La déclaration de Khalifa Ababacar Sall, responsable politique, sur l’utilité des fonds spéciaux et leur éventuelle vocation à prendre en charge médicalement des personnes vulnérables, notamment des parents atteints de pathologies graves comme le cancer ou les maladies de la prostate, mérite une attention particulière.
« Ces fonds, si on savait leur utilité, si nos pères ou nos mamans sont gravement malades de certaines pathologies, comme le cancer ou la prostate, ces fonds peuvent les aider pour leur prise en charge médicale », a-t-il déclaré en substance.
Cette sortie pose une question essentielle : à quoi servent réellement les fonds spéciaux et comment sont-ils utilisés ?
Pour une grande partie des citoyens, l’existence même d’une vocation sociale ou médicale de certains de ces fonds reste peu connue. Beaucoup de Sénégalais découvrent peut-être aujourd’hui, à travers ce débat, qu’une partie des ressources mobilisées pourrait contribuer à la prise en charge de personnes vulnérables confrontées à de lourdes dépenses médicales.

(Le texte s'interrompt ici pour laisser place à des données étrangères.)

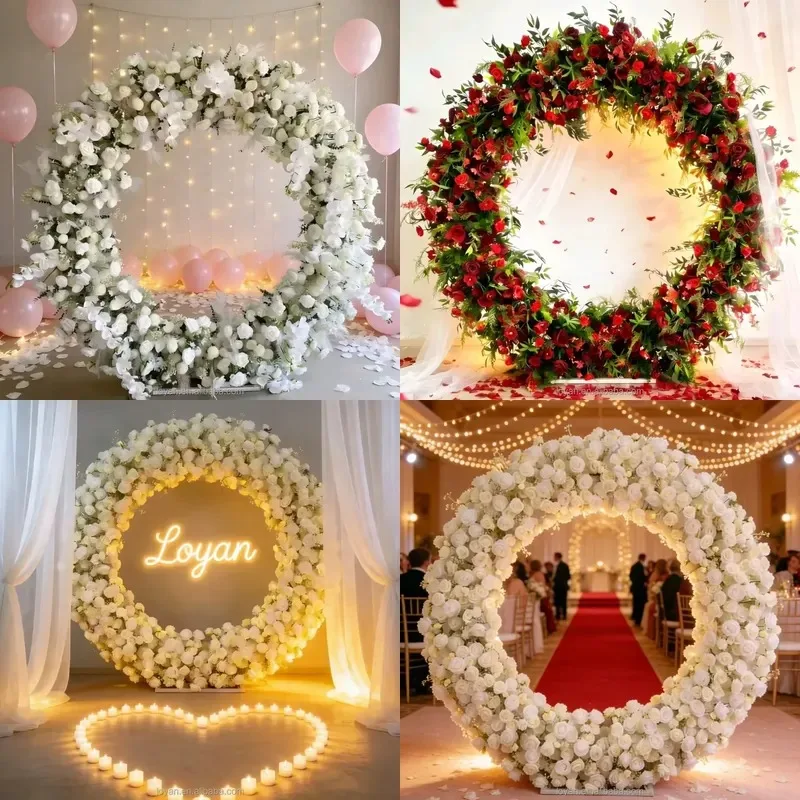 Realistic Artificial Floral Wreath Decorative Arrangement for Wedding Stage Decoration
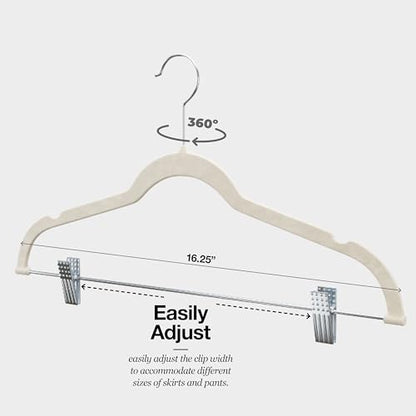 Home-it 10 Pack Velvet Hangers with Clips - Ivory Pants & Skirt Hangers - Ultra Thin No Slip Space-Saving for Pants, Skirts, Coats, Dresses, Tank Tops, Clothes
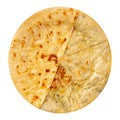 Isolated caucasian bread khychin with cheese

Or, dans nos villes comme dans nos campagnes, la réalité sociale est connue : des familles peinent à payer une ordonnance, des frais d’hospitalisation ou les soins d’un parent atteint d’une maladie grave. Dans la rue, il n’est pas rare de voir des citoyens solliciter la solidarité pour venir en aide à un père, une mère ou un proche hospitalisé, faute de moyens financiers.
La situation des retraités mérite également une attention particulière. Certains ont fait valoir leurs droits à une pension après des années de service, tandis que des familles vulnérables, notamment venues du monde rural, restent confrontées à des difficultés considérables pour accéder aux soins.
Dès lors, si les fonds spéciaux ont effectivement, entre autres objectifs, celui de soutenir les personnes vulnérables confrontées à des problèmes de santé, ne faudrait-il pas renforcer leur transparence et leur gestion sociale ?
Une piste pourrait être d’impliquer davantage les établissements sanitaires publics et leurs services sociaux dans les mécanismes de prise en charge. Cela permettrait d’identifier les bénéficiaires selon des critères précis, de traiter directement certaines dépenses médicales et de garantir une meilleure traçabilité des aides accordées.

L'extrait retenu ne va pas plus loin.